Star-studded movie is bonkers mad
After almost two months in various stages of coronavirus lockdown, dare I say we've settled into a pattern?
For many, the routine of shuffling from one side of your home to the other, popping up the road for a coffee or the deli, means that initial burst of anxiety has subdued.
Sure, we're still trying to hygge our rooms - and now that it's cold, you're not crazy to pull out all those wool throw blankets - but we can all probably shift a little away from pure comfort viewing to mix in some thrills as well.
So this week's list of seven movies to watch at home will include some flicks that might make you tense or anxious, but we're all grown-ups here. We can handle it.
(Remember, if you're not subscribed to a particular streaming service that has the movie you want to watch, you can always rent it on digital platforms such as iTunes, Google Play, YouTube, PlayStation or Fetch.)
THE NICE GUYS
We love a buddy cop action comedy, especially when it's an odd couple. It doesn't get much odder than Russell Crowe's straight-laced enforcer and Ryan Gosling's shady, slippery private eye trying to solve a complicated mystery with a teen girl tagging along.
Shane Black's spiritual successor to Kiss Kiss Bang Bang, it's a hijinks-filled 1970s tale of a missing girl, a dead porn star and debaucherous parties with mermaids, mocking both the counterculture and the capitalists. This is one madcap, bonkers ride you'll want to take.
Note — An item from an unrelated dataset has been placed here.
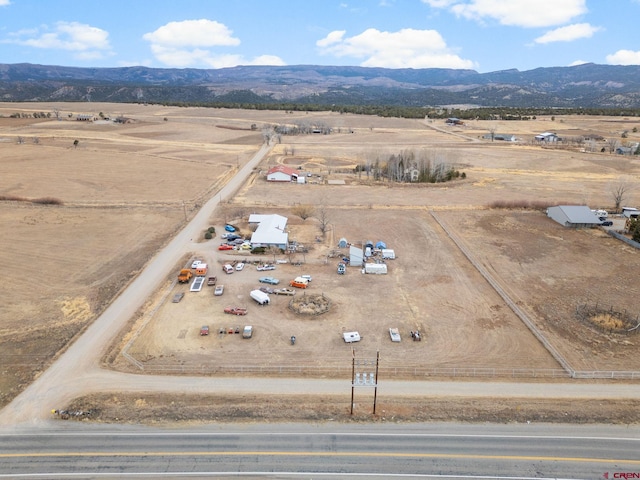 drone / aerial view with a mountain view and a rural view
Watch it: iTunes/Google Play
THE TALENTED MR RIPLEY
Patricia Highsmith certainly knew how to write a heart-in-your-throat thriller and Anthony Minghella knew how to adapt it. With a cast including Matt Damon, Gwyneth Paltrow, Jude Law, Philip Seymour Hoffman and Cate Blanchett, this is one drama that holds up perfectly.
Tom Ripley's envy and knack for impersonations finds a target on the glistening Italian coast when the clever but impoverished young man charms his way into Dickie Greenleaf's group of well-funded layabouts. Fuelled by danger and repressed sexuality, The Talented Mr Ripley is a seductive thriller.
Watch it: Stan/Foxtel Now
An anthemic movie for Generation X, Reality Bites captured the disenfranchisement, ennui and frustrated ambitions of early-20s folks in the 1990s - out of university and wanting something different to their parents' middle-class life.
Then you've got that will-they-won't-they mess between Winona Ryder and Ethan Hawke's Leilana and Troy, a low-key, grungy love story for the ages, even though in 2020, Ben Stiller's yuppie media producer looks like a much better option. OK, maybe not 2020 because so much of the media sector is getting made redundant, but definitely in 2010.
Watch it: Foxtel Now
The second (unintentional) Ethan Hawke movie on the list, Maggie's Plan is directed by Rebecca Miller, the daughter of famed playwright Arthur Miller, and also stars Greta Gerwig and Julianne Moore.
It's a rom-com of sorts with a sweet and endearing performance from Gerwig that makes the most of her screwball talents. She plays Maggie, a woman who falls in love and has a kid with an academic and aspiring novelist, but ends up trying to set him back up with his ex-lover.
Watch it: SBS On Demand
Yes, the American spelling of "ass" hurts us too but it's one small concession to make for a riotous, gleefully violent and bloody funny movie, directed by Matthew Vaughn who would go on to make Kingsman and X-Men: The First Class.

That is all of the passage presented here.